次世代型採用管理システム「Wantedly Hire」に、新機能「レポートビルダー」が登場 | Wantedly, Inc.
この度、当社が提供する次世代型採用管理システム「Wantedly Hire(ウォンテッドリー ハイアー)」において、新機能「レポートビルダー」の提供を開始します。高度で自由な分析が、採用を成功さ...
https://www.wantedly.com/companies/wantedly/post_articles/987965
こんにちは。ウォンテッドリーでフロントエンドチームのリーダーをしている原 剛士 (@chloe463) です。この記事では、私が個人で開発したダッシュボードの開発時に使えるライブラリ panelgrid を紹介します。
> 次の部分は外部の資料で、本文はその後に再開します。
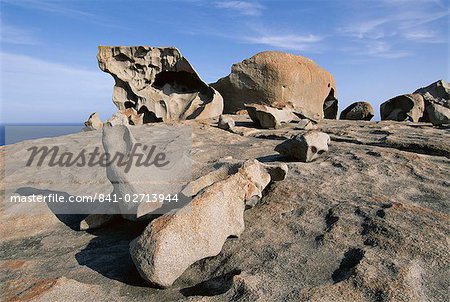 Remarquable Rocks, Parc National de Flinders Chase, Kangaroo Island, Australie-méridionale, Australie, Pacifique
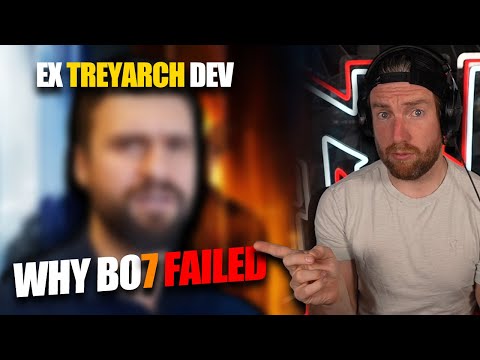 Ex Treyarch Developer Exposes Why Black Ops 7 Failed..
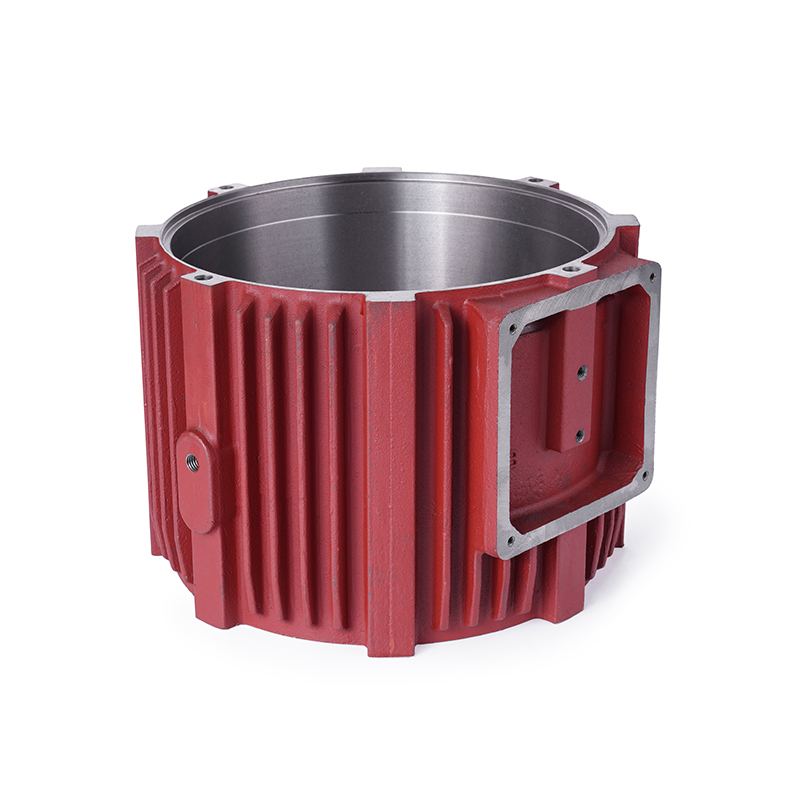 Vỏ động cơ bằng gang xám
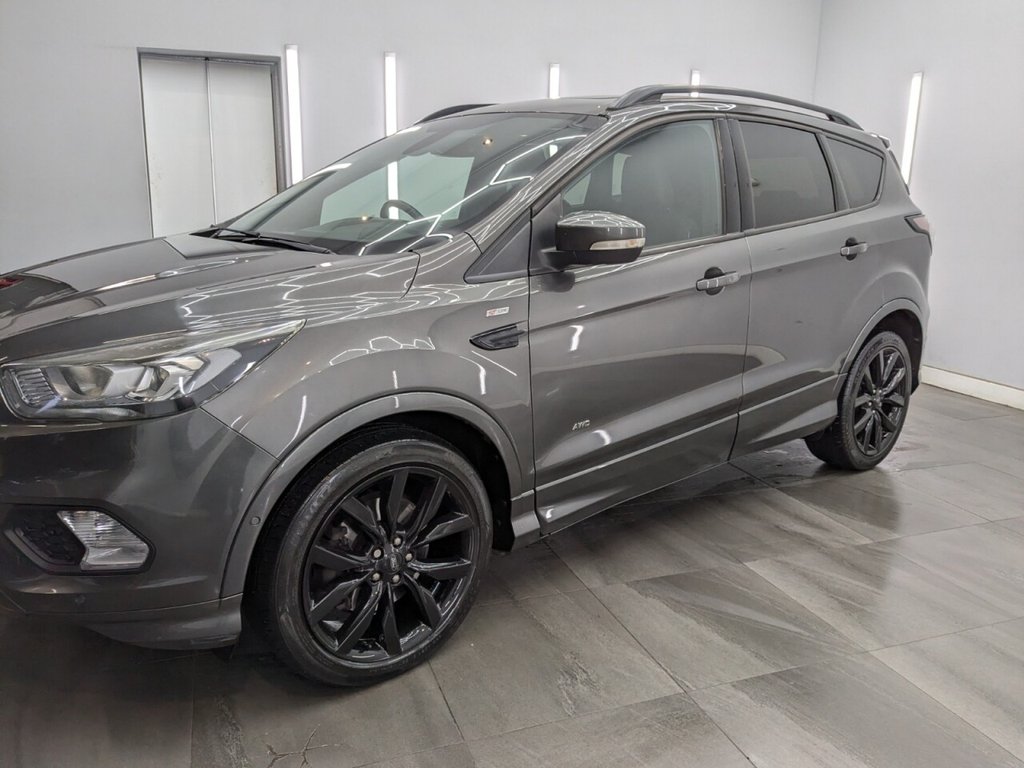 Used Ford Kuga 2017 for sale - 77470612: Photo 3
いわゆる「ダッシュボード」と呼ばれるような画面にある、複数のパネルをドラッグ・アンド・ドロップで自由で配置したり、パネルサイズを変えられたりする機能を実現するためのライブラリです。
私は現在 Wantedly Hire の開発チームのリーダーをしています。Wantedly Hire はいわゆる ATS (Application Tracking System/採用管理システム) と呼ばれるシステムで、採用活動のために使われるWebアプリケーションです。この Hire の大きな目玉機能がレポートビルダーです。レポートビルダーには大きく2つの機能があります。
Aのレポート作成機能開発においては、ピボットテーブル用にバックエンドで構築された複雑なデータ構造を解きほぐしてテーブルとして表示したり、そのデータをチャート用に整形するための困難がありました。しかしそこまで大きな不確実性はなく想定内の時間で対応することができました。一方 B のダッシュボード機能は PO がイメージしている挙動を実現できるかどうか不確実なことも多く悩みのタネでした。しかし、運よく Gridstack.js というライブラリに出会うことができたため、技術検証や実装もスムーズに進み、もともと想定していたリリースに間にあわせることができました。
前述の通り、Gridstack.js を使ってダッシュボード機能を開発することができました。しかしながら Gridstack.js には少しクセがあります。 Gridstack.js は特定のライブラリ・フレームワークを想定したライブラリではありません。React アプリケーションでなくても使用できるライブラリです。Gridstack.js は DOM を直接操作してパネルの再配置・リサイズを可能にします。そのため、仮想 DOM を使って UI を構築する React と組み合わせて使うときは少し工夫をしないといけません。特に追加や削除を行うときにその問題が現れます。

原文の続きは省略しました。